* DATA SUPPLIED:
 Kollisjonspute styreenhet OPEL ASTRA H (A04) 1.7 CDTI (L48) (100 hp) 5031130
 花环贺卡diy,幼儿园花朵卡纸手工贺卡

--

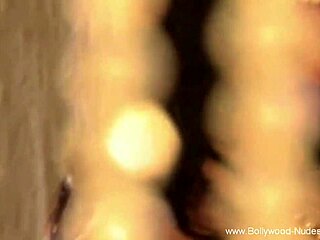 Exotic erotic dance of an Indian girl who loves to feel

* PROBLEM DESCRIPTION: Print exactly the lines above from the one with "Kollisjonspute styreenhet OPEL" to the one with "花环贺卡diy,幼儿园花朵卡纸手工贺卡", including both.

* RESPONSE:
 Kollisjonspute styreenhet OPEL ASTRA H (A04) 1.7 CDTI (L48) (100 hp) 5031130
 花环贺卡diy,幼儿园花朵卡纸手工贺卡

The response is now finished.